## Task requirements
From the entries below, print exactly the span beginning with the line holding "Women's lazy style" and ending with the line holding "map of restaurants, bars, coffee", endpoints included, and skip any pictures.

## Source data
==*==

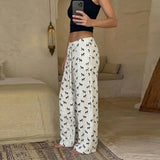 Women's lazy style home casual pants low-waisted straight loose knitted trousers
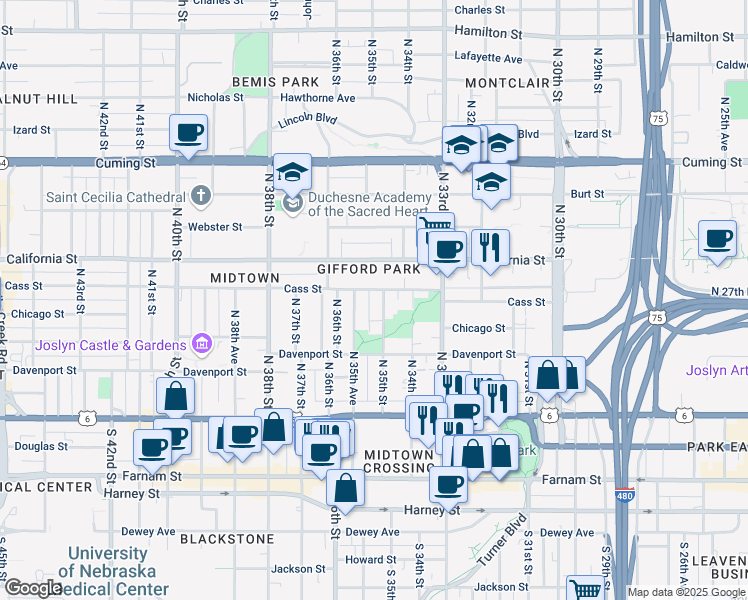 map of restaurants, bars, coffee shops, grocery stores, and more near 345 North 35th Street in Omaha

==*==

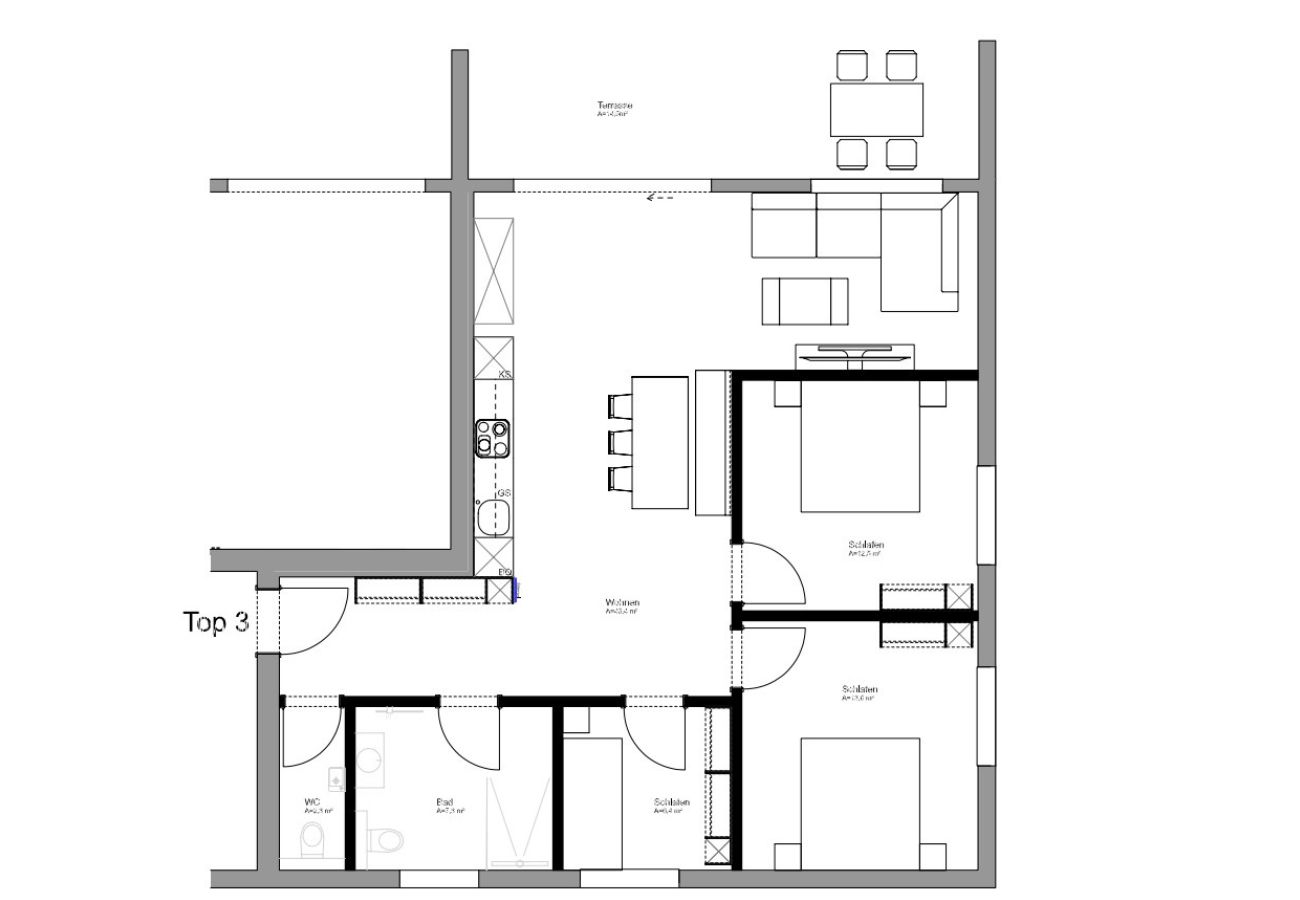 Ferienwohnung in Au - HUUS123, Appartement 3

==*==

## Output for this exercise
 Women's lazy style home casual pants low-waisted straight loose knitted trousers
 map of restaurants, bars, coffee shops, grocery stores, and more near 345 North 35th Street in Omaha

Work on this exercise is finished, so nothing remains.